You may also want to compare how many differences are there between the two minimal gene sets. That only need to save the species selected, and then view result in history.

3) Gene network display

Click pathway or module bubble then you can see the details of gene network. All genes that are involved in minimal gene set are marked with red color.

4) Analysis of assembly

The detailed information of gene cluster is shown in the following figure. It contains cluster information, corresponding gene and biobrick content.

Here you can know how many genes each gene cluster contains, and also detailed information of each gene. You can also see all of biobricks by clicking view all button.

Software Architecture

MCCAP is a typical C/S architecture software, which is composed of server, client database. Communication between the three uses JSON format data.

1) Server

Server is the core of MCCAP, and all of function units and APIs are implemented in server. The program of MCCAP server is coded by PHP (http://www.php.net/). We manage the code separately by their categories. It is convenient for developers to reuse our function unit or codes. For example, If you want to deploy our server in the local, you just need to alter the files in config folder.

2) Client

The program of MCCAP client is coded by C++ and QML with Qt Library (http://www.qt.io/). It is responsible for all of the functions of the user interaction.

3) Database

The database employed by MCCAP employs is MySQL(http://www.mysql.com/).

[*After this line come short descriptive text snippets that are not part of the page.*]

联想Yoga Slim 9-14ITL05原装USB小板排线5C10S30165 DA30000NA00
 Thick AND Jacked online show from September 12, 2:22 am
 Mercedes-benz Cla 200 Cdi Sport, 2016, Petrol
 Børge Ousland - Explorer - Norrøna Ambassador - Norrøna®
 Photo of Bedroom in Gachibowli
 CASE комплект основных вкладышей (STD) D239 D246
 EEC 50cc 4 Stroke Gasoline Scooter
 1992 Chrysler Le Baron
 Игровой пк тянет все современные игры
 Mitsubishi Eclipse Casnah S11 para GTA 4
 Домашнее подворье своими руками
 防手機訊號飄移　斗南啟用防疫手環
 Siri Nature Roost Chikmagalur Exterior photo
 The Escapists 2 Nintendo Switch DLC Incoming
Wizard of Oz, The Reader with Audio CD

What is worth mentioning here is that we made a little change in the software architecture. The change means, on the basis of C/S architecture, we also borrowed some features of B/S architecture. We build an inner browser in the software, so that it can display the page generated at the server side. What are the benefits of doing so? This means we can assign the frequently updated page to the server. It only need to update once on the server, all users can get latest content in the first time.